Düzenli beslenme ve diyet, doğurganlık üzerinde önemli bir etkiye sahiptir. Kadın Hastalıkları ve Doğum Uzmanı Doç. Dr. Kemal Atasayan, doğurganlığı artırmak isteyenler için gücü yükseltmenin önemine dikkat çekti. Atasayan, yağların doymadığını, tam tarihlerin, baklagiller, meyve ve sebzeler, çeşitli protein kaynakları ve tam yağlı süt ürünleri açısından zengin bir diyetin doğurganlığının artırılabileceğini belirtti.

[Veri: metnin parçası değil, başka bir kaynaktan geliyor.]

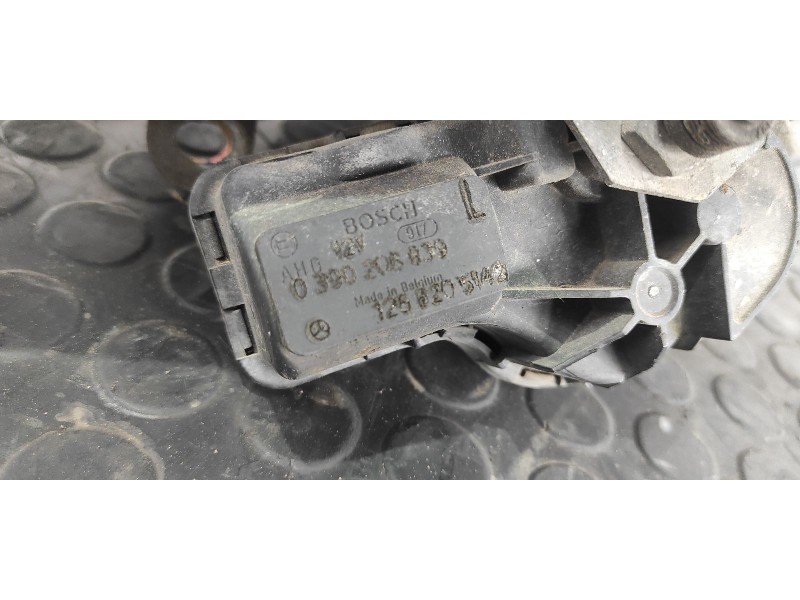 Recambio de faro izquierdo para mercedes-benz clase s (w126) berlina+coupe 5.6 v8 referencia OEM IAM 1305235091  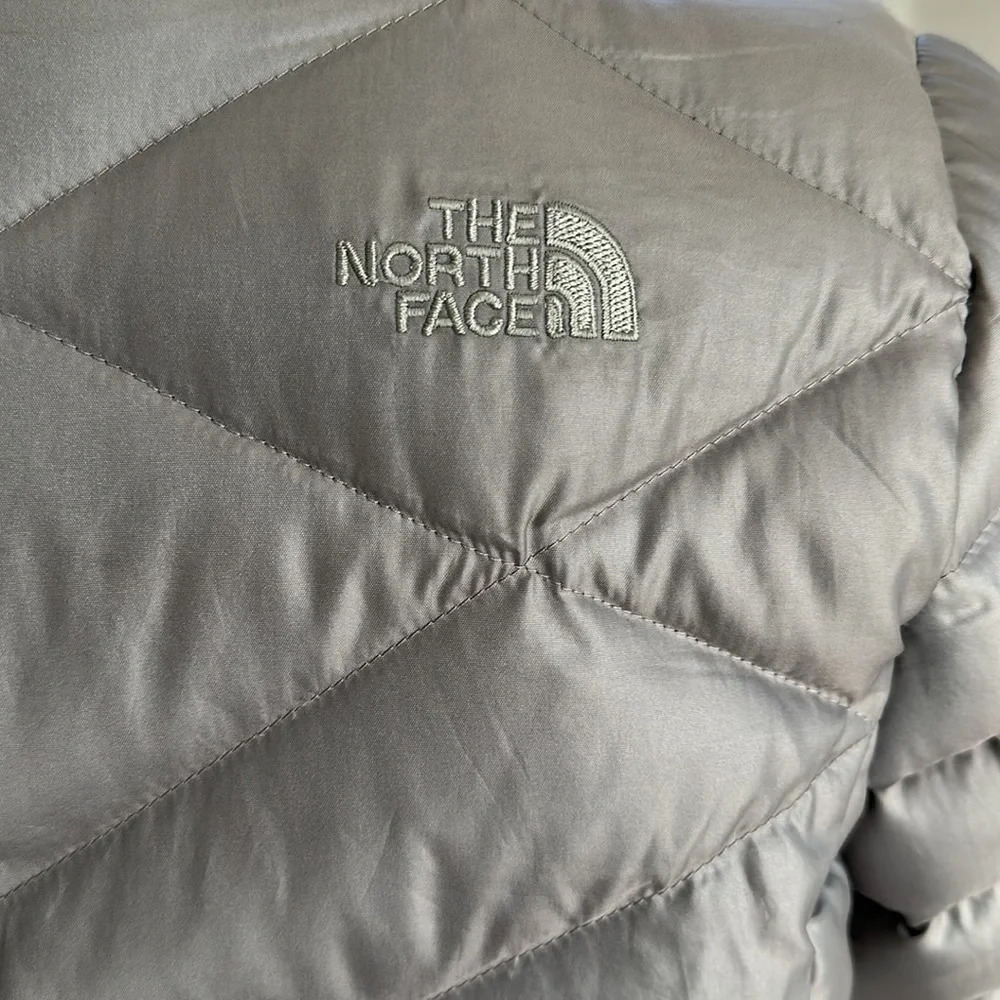 The North Face Down Coat, Silver, Size Small, EUC - Picture 7 of 10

Dünya çapında kısırlık, en az 50 milyon çift oluyor ve 6-7 çiftten biri kısırlık sorunu yaşıyor. Yakın tarihli araştırmalar, 20-24 yaş arası doğurganlığın %45 oranında azaldığını ve erkeklerde spermlerin son elli yılda %50 oranında düştüğünü ortaya koyuyor.

Diyetin doğurganlık çevresinin genişliğini vurgulayan Atasayan, sağlıklı bir diyetin hamileliğe sağlıklı bir başlangıç ​​yapmaya yardımcı olduğunu ifade etti. Özellikle polikistik over sendromu (PCOS) olan kadınlar için besinlerin bir kahvaltının genişletildiğini belirtti. 2021 yılında yapılan bir incelemede, günün erken saatlerinde daha yüksek kalori alımının PCOS hücrelerini iyileştirebileceği ortaya konmuştur. Atasayan, yüksek proteinli ve düşük karbonhidratlı kahvaltılar önerdi.

saglikli-bir-hamilelik-icin-bilmeniz-gereken-10-temel-ipucu (1)

Omega-3 yağ asitlerinin önemine dikkat çeken Atasayan, sağlıklı yağların doğurganlık ve genel sağlık açısından kritik olduğunu söyledi. Omega-3 yağ asitleri içeren yağlı balık, keten tohumu, chia tohumu ve ceviz gibi besinlerin tüketilmesi önerildi.

Karbonhidrat alımının azaltılmasının özellikle PCOS'lu kişiler için faydalı olduğunu Atasayan, düşük karbonhidratlı bir beslenme planının takip edilmesi tavsiyesinde bulundu. Karbonhidrat miktarının yanı sıra de önemli olduğunu vurgulayan Ata sırasayan, rafine karbonhidratların en az indirilmesi işleminin olduğunu belirtti. Rafine karbonhidratların hızlı emilerek kan şekeri ve insülin seviyelerinde ani artışlara neden olduğunu ve bunun yumurta olgunlaşması ve yumurtlama üzerinde olumsuz etkiler yarattığını açıkladı.

Yaşamın gıdaların önemine değinen Atasayan, yaşam oranının yüksek ve ilave şeker oranının düşük bir diyetin kadın doğurganlığını artırabileceğini belirtti. Tam tahıllar, meyveler, sebzeler ve fasulyeler gibi lifli gıdaların tüketilmesi önerildi.

Akdeniz tarzı bir diyetin doğurganlığını artırabileceğini söyleyen Atasayan, bu diyetin balıkla yüksek, kırmızı ve işlenmiş etlerin düşük olduğunu söyledi. Ayrıca antioksidanlar ve omega-3 yağ asitleri açısından zengin olan Akdeniz tarzı diyetlerin tüp bebek gibi yardımcı üreme teknolojilerinin sürdürülmesini takiben daha yüksek canlı doğum oranıyla ilişkili olduğunu ifade etti.

Doç. Dr. Kemal Atasayan'ın bu önerileri, doğurganlığını artırmak isteyenler için önemli bir rehber niteliğinde. Sağlıklı bir beslenme düzeni, doğurganlığını desteklemenin yanı sıra hamileliğe de sağlıklı bir başlangıç ​​yapmaya yardımcı olur.